- The Washington Times - Thursday, April 20, 2017

Under pressure to deliver a win for President Trump, House Republicans are working on a new Obamacare repeal compromise that could bridge the divide between hard-line conservatives and centrists who tanked the first attempt.

The proposal by Rep. Thomas MacArthur, New Jersey Republican, would shift to the states the burden of deciding what services insurers must cover and would let insurers charge healthy customers less, so long as states set up risk pools to subsidize sicker people priced out of the market.

No state could waive the part of the Affordable Care Act requiring insurers to cover people with pre-existing medical conditions, however, preserving the most popular part of the 2010 Affordable Care Act.

“This amendment will make coverage of pre-existing conditions sacrosanct for all Americans and ensures essential health benefits remains the federal standard,” Mr. MacArthur, chairman of the moderate Tuesday Group, said on his Facebook page Thursday after Politico published a one-page description of his plan.

It’s unclear whether the proposal can win over enough holdouts to pass. Republicans’ first go-around last month ended in a mess after leaders were unable to muster the votes and had to yank the bill.
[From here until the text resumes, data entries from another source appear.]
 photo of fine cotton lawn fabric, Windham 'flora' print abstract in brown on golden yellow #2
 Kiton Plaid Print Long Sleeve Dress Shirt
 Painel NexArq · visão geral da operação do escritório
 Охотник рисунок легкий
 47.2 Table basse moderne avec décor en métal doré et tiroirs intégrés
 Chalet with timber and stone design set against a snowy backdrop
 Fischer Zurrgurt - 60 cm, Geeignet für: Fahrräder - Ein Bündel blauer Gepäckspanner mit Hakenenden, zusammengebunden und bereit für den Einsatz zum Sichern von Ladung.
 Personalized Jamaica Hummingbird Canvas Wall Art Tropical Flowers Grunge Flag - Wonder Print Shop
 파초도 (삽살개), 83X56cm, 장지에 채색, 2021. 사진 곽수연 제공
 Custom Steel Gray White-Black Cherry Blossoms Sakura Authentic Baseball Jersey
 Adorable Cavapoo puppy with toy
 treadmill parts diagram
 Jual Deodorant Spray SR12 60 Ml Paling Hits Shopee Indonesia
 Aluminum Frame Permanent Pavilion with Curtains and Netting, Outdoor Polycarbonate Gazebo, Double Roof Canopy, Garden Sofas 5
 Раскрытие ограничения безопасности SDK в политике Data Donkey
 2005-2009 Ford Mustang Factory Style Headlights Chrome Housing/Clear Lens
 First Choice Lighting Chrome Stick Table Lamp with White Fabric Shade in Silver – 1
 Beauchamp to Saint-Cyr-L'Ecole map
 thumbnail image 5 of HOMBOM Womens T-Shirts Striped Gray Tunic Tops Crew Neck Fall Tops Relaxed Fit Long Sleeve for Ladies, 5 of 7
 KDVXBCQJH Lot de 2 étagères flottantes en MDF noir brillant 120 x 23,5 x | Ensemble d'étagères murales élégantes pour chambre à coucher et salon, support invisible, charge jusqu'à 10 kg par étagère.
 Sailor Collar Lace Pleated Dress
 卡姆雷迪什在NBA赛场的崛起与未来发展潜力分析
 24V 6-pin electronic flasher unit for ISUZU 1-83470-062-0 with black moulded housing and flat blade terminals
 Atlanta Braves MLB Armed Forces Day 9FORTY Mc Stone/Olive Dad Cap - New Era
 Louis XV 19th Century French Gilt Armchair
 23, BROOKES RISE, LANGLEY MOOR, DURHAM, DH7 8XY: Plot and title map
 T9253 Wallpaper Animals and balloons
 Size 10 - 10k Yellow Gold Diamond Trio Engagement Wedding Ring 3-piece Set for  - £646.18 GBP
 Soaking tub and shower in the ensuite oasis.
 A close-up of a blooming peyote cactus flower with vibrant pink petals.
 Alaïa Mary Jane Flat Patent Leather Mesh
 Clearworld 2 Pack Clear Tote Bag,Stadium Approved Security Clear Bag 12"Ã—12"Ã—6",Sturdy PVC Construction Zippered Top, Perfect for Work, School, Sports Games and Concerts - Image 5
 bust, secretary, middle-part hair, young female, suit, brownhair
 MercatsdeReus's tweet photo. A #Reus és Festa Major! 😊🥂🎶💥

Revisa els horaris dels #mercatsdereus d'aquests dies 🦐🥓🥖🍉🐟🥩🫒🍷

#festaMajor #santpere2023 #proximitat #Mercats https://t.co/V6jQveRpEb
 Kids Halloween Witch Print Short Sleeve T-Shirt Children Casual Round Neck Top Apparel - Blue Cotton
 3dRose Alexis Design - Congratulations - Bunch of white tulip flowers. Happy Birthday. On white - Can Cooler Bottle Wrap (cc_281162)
A Republican aide said lawmakers don’t even have legislative text of the proposal so they don’t know whether it can bridge the gap.


SEE ALSO: Tom Price: There’s a ‘plan B’ for Obamacare reform


Yet President Trump was bullish about their progress, saying House Republicans could revive their plan and hold a vote either next week or shortly thereafter.

“The plan gets better and better and better, and it’s gotten really good,” Mr. Trump said at a joint press conference with Italian Prime Minister Paolo Gentiloni.

House Republicans are under immense pressure from the White House to deliver an Obamacare repeal, a campaign vow that hasn’t been fulfilled as Mr. Trump nears 100 days on the job.

Failing a second time would be a gut punch for the party as it tries prove it can wield all the levers of political power successfully. After health care, Mr. Trump wants to tackle tax reform and a $1 trillion infrastructure plan.

House Speaker Paul D. Ryan, Wisconsin Republican, signaled on Wednesday that negotiators were putting the finishing touches on a plan to bridge rifts within the party over health care, although lawmakers also must focus on a stopgap spending bill to keep the government funded when it returns from its two-week break.

“I want to get both,” Mr. Trump said. “I think we’ll get both.”


SEE ALSO: Dave Brat: New health care bill can be done in a week


Under the MacArthur plan, states could ask Health and Human Services Secretary Thomas Price to waive Obamacare’s “essential health benefits” package, which requires insurers to cover a slate of services such as mental health and maternity care.

They also could scrap community rating, in which insurers are required to charge the same prices to everyone in a given area. Insurers wouldn’t be allowed to discriminate based on gender or age, though older people still could be charged up to five times more than young people.

States could allow insurers to charge sicker consumers more than healthy ones, so long as they set up a “high risk pool” to absorb some of their costs.

That could win over hard-line House Freedom Caucus members, though it may scare off centrists who don’t want to tweak the guarantees of Obamacare.

While sicker customers could still get covered, they might face high premiums, health care analysts said.

The analysts said legislative details will be crucial, including who would be in the high-risk pool and how much they would have to pay to get covered.

“Maybe this is enough to convince the Freedom Caucus people that states can do what they want to do, but I don’t see this as being very popular,” said Timothy Jost, a law professor at Washington and Lee University in Virginia who closely tracks the debate. “It would make coverage unaffordable for many older consumers and would segregate high-cost consumers in coverage that would likely be inadequate unless the high-risk pools were very generously funded.”

Democrats accused Republicans of making a bad bill worse.

“To make the bill more palatable to right-wingers, the big change appears to be the abandonment of the protections for people with pre-existing conditions. Yet another Trump promise shattered,” said Sen. Christopher Murphy, Connecticut Democrat. “The Republican health care repeal bill was an unworkable, unpopular piece of garbage a month ago, and it still is today.”

The published plan doesn’t provide much detail on the state waiver process, though it suggests waivers would be easy to obtain.

The HHS secretary is supposed to approve the plan within 90 days of determining it is complete, although states “must attest that the purpose of their requested waiver is to reduce premium costs, increase the number of persons with health care coverage or advance another benefit to the public interest in the state, including the guarantee of coverage for persons with pre-existing medical conditions.”